Work instruction: Which lines run from the start of the data below to the line containing "Lambs & Ivy"? Set them down exactly, with none added.

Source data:
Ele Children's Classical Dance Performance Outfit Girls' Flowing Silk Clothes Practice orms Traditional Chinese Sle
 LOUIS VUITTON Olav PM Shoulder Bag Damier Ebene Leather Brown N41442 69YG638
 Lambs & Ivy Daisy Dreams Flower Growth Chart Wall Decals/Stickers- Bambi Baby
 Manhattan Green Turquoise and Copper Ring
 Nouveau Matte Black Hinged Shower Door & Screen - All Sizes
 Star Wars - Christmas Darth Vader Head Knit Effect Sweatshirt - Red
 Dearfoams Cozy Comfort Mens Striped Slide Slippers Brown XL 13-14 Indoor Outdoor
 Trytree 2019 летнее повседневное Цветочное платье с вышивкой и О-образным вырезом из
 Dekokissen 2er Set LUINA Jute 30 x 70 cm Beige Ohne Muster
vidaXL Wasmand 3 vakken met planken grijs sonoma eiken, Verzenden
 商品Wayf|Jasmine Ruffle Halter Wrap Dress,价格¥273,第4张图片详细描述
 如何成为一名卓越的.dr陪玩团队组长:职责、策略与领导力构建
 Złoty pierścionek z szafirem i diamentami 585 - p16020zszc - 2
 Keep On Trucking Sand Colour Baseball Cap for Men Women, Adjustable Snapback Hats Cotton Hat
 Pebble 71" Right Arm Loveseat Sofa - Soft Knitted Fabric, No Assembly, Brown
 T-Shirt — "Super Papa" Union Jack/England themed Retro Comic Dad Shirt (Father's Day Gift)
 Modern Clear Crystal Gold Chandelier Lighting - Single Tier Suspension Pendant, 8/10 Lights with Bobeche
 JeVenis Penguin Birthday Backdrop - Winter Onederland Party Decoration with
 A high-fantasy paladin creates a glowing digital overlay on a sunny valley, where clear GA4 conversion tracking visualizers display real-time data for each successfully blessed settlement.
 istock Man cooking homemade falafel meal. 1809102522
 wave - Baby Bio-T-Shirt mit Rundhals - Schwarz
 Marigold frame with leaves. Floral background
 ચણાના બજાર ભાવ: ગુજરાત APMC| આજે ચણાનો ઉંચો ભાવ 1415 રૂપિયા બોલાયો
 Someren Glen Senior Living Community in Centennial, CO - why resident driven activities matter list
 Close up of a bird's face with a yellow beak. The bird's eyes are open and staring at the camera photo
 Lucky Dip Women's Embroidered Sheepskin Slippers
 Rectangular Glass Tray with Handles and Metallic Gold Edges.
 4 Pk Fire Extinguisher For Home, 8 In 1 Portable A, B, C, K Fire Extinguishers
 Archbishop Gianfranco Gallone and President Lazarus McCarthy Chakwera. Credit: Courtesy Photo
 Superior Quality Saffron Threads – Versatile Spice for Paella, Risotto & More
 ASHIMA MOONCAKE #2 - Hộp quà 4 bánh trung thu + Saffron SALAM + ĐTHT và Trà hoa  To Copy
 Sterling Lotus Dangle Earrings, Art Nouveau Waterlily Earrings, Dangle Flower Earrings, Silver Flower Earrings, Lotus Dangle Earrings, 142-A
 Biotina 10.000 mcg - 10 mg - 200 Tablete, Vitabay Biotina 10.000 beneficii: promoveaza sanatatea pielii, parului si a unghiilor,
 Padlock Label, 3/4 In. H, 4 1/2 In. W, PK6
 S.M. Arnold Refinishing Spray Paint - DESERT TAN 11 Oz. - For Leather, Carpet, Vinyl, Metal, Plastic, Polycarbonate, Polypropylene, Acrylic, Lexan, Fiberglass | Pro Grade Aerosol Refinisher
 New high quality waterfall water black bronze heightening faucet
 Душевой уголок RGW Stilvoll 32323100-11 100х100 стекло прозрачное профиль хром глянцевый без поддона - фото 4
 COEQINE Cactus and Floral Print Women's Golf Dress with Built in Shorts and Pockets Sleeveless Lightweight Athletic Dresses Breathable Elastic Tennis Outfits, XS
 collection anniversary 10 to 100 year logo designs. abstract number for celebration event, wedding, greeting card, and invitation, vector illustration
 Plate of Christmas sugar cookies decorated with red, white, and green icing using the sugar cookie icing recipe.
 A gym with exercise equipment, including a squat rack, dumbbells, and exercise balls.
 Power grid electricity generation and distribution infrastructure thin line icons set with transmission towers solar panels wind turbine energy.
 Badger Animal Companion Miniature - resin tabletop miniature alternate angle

Task response:
Ele Children's Classical Dance Performance Outfit Girls' Flowing Silk Clothes Practice orms Traditional Chinese Sle
 LOUIS VUITTON Olav PM Shoulder Bag Damier Ebene Leather Brown N41442 69YG638
 Lambs & Ivy Daisy Dreams Flower Growth Chart Wall Decals/Stickers- Bambi Baby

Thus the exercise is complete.